Required work: Below are records to transcribe exactly, without their pictures.
============================================================
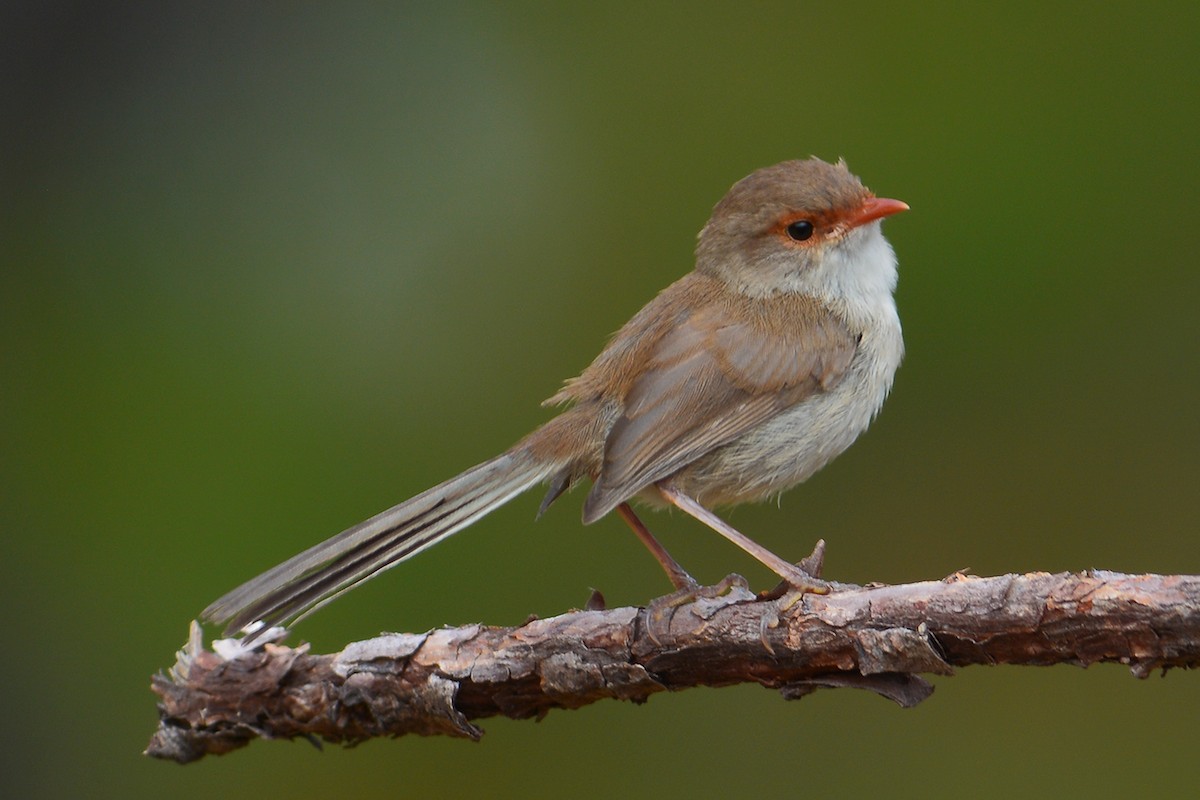 "Gotcha", a female Superb Fairy Wren comes out to check what is happening. 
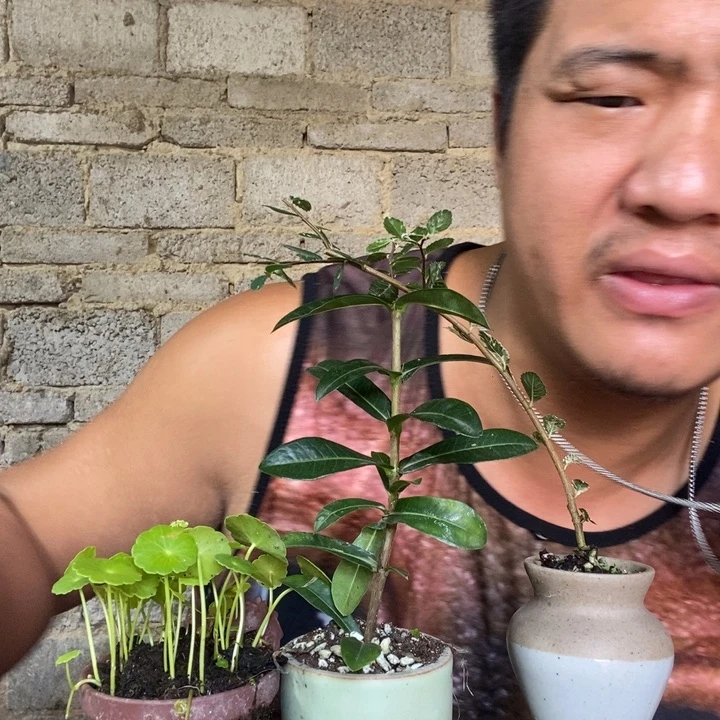 完全开放退款拉黑一物一拍77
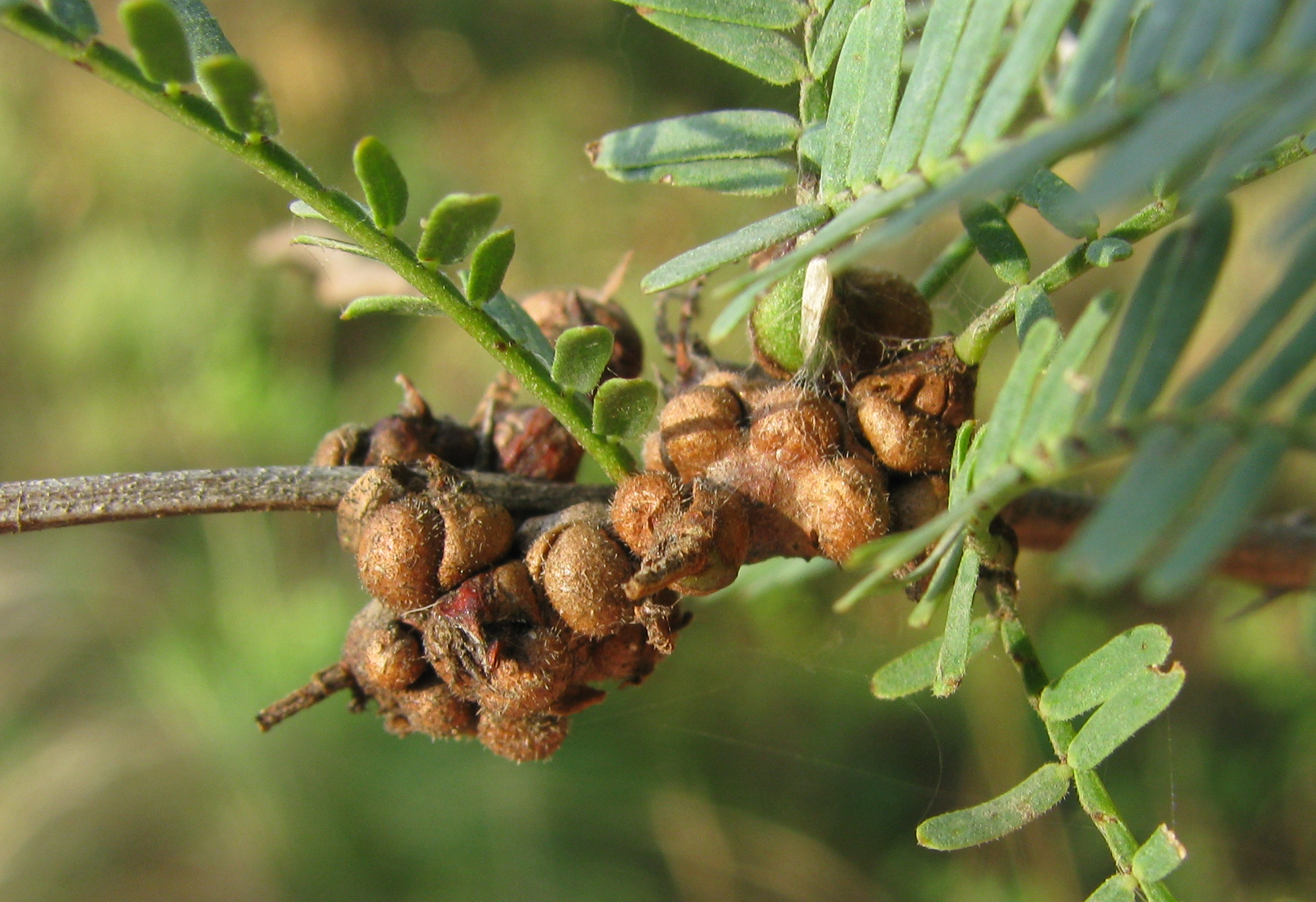 Agallas en Neltuma caldenia (Imagen: Corró Molas, Bárbara M.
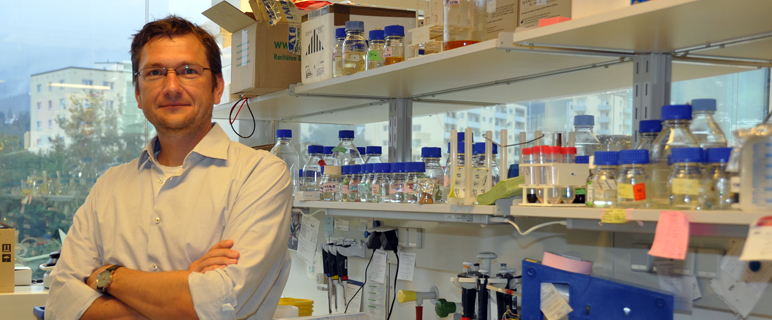 Assoz. Prof. Dr. David Teis leitet an der Sektion für Zellbiologie des Biozentrums das ‚Membrane Traffic and Signaling’ Labor. David_Teis_2.jpg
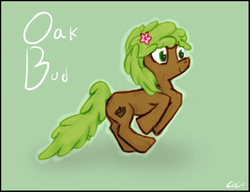 Size: 1052x806 | Tagged: safe, artist:coco, oc, oc only, earth pony, pony, solo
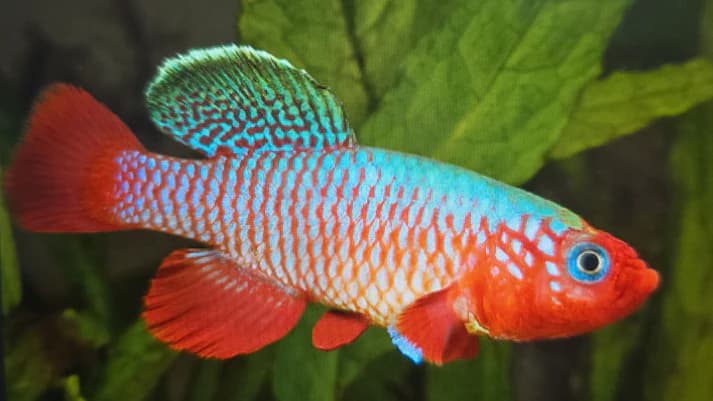 Nothobranchius rubripinnis 3-4cm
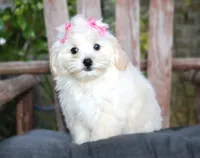 Buttons, a female Maltipoo for sale in Ruston, LA – 1 of 4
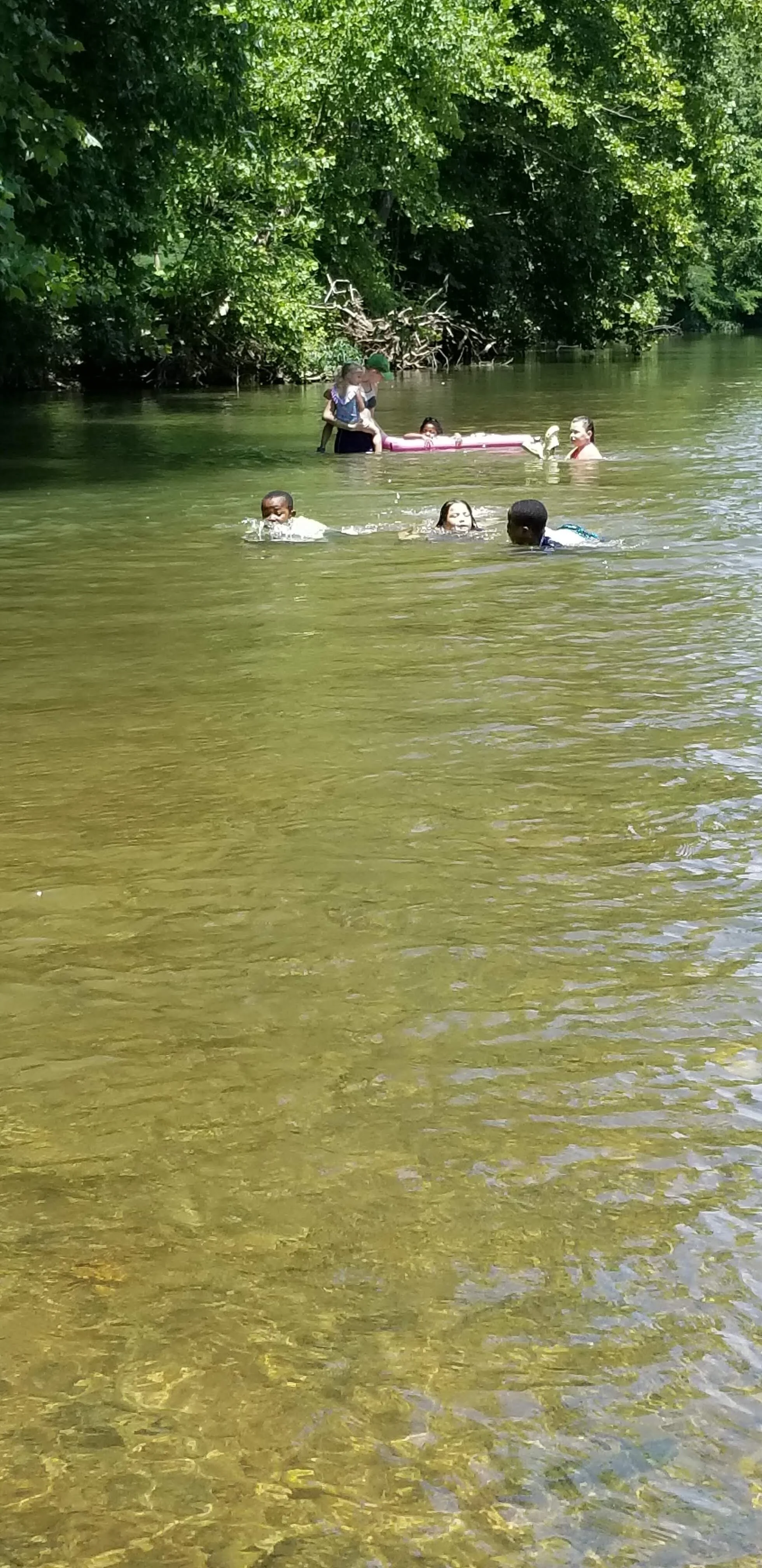 People swimming and playing in a shallow river surrounded by lush greenery.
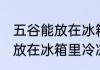 五谷能放在冰箱里冷冻吗 五谷能不能放在冰箱里冷冻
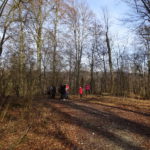 Singles wandern im Steigerwald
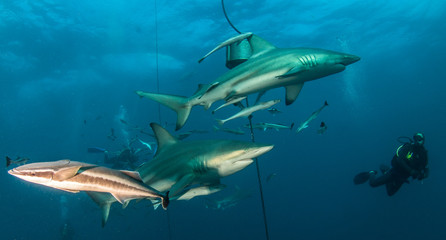 Shark Sucker with Black Tip Sharks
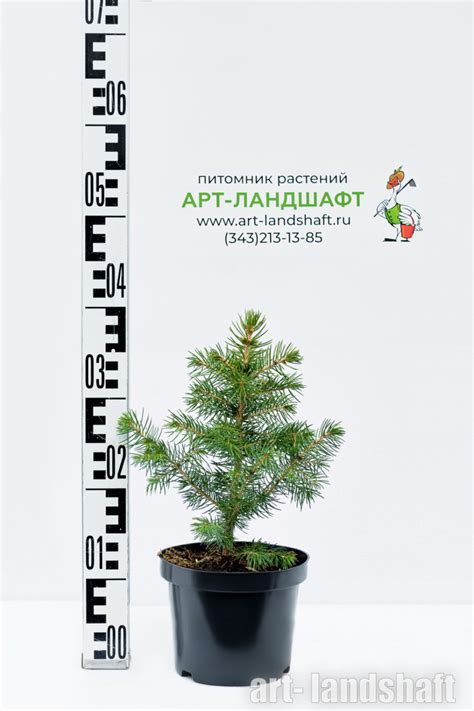 ★Его колючая голубая «Glauca» Kaibab★ (Глаука Кейбаб), купить в ...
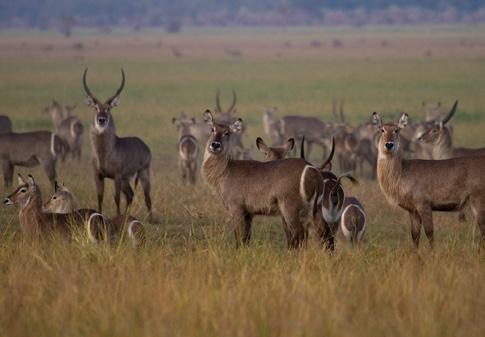 Fotografia de Capa Elefantes do Parque Nacional da Gorongosa Parque Nacional da Gorongosa / Giorgio del Noce A Administração Nacional das Áreas de Conservação, ANAC, é o órgão técnico responsável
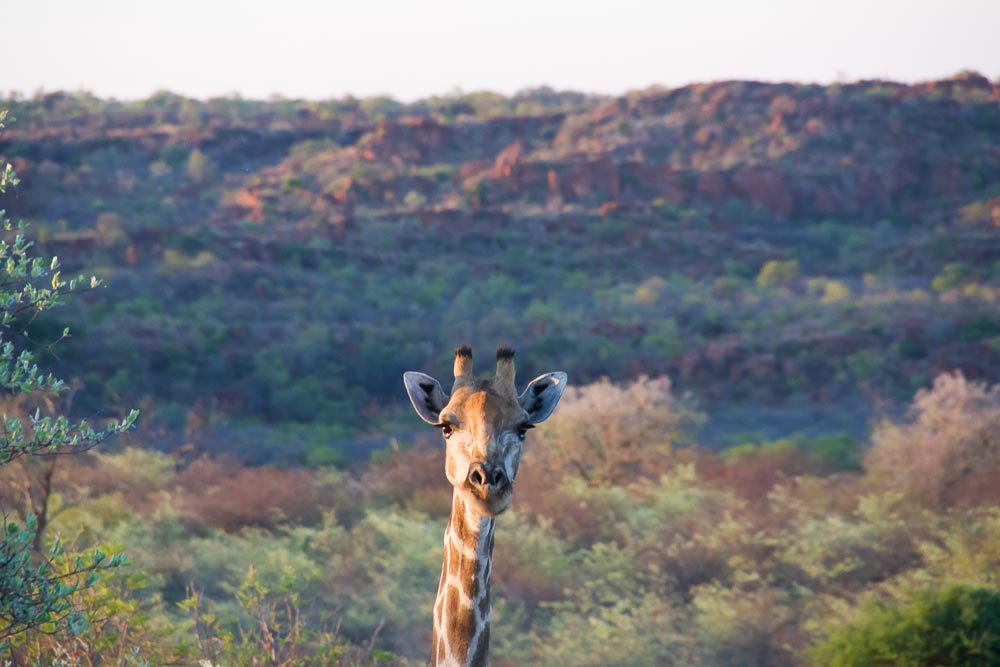 Giraffe am Waterberg Namibia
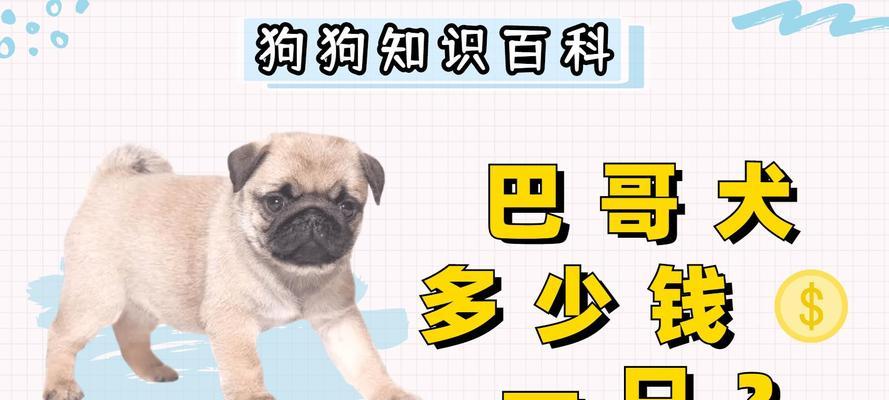 揭秘以巴哥幼犬的价格与影响因素（以巴哥幼犬价格的关键因素及市场行情分析）(图2)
============================================================
Reply to the exercise:
 "Gotcha", a female Superb Fairy Wren comes out to check what is happening. 
 完全开放退款拉黑一物一拍77
 Agallas en Neltuma caldenia (Imagen: Corró Molas, Bárbara M.
 Assoz. Prof. Dr. David Teis leitet an der Sektion für Zellbiologie des Biozentrums das ‚Membrane Traffic and Signaling’ Labor. David_Teis_2.jpg
 Size: 1052x806 | Tagged: safe, artist:coco, oc, oc only, earth pony, pony, solo
 Nothobranchius rubripinnis 3-4cm
 Buttons, a female Maltipoo for sale in Ruston, LA – 1 of 4
 People swimming and playing in a shallow river surrounded by lush greenery.
 五谷能放在冰箱里冷冻吗 五谷能不能放在冰箱里冷冻
 Singles wandern im Steigerwald
 Shark Sucker with Black Tip Sharks
 ★Его колючая голубая «Glauca» Kaibab★ (Глаука Кейбаб), купить в ...
 Fotografia de Capa Elefantes do Parque Nacional da Gorongosa Parque Nacional da Gorongosa / Giorgio del Noce A Administração Nacional das Áreas de Conservação, ANAC, é o órgão técnico responsável
 Giraffe am Waterberg Namibia
 揭秘以巴哥幼犬的价格与影响因素（以巴哥幼犬价格的关键因素及市场行情分析）(图2)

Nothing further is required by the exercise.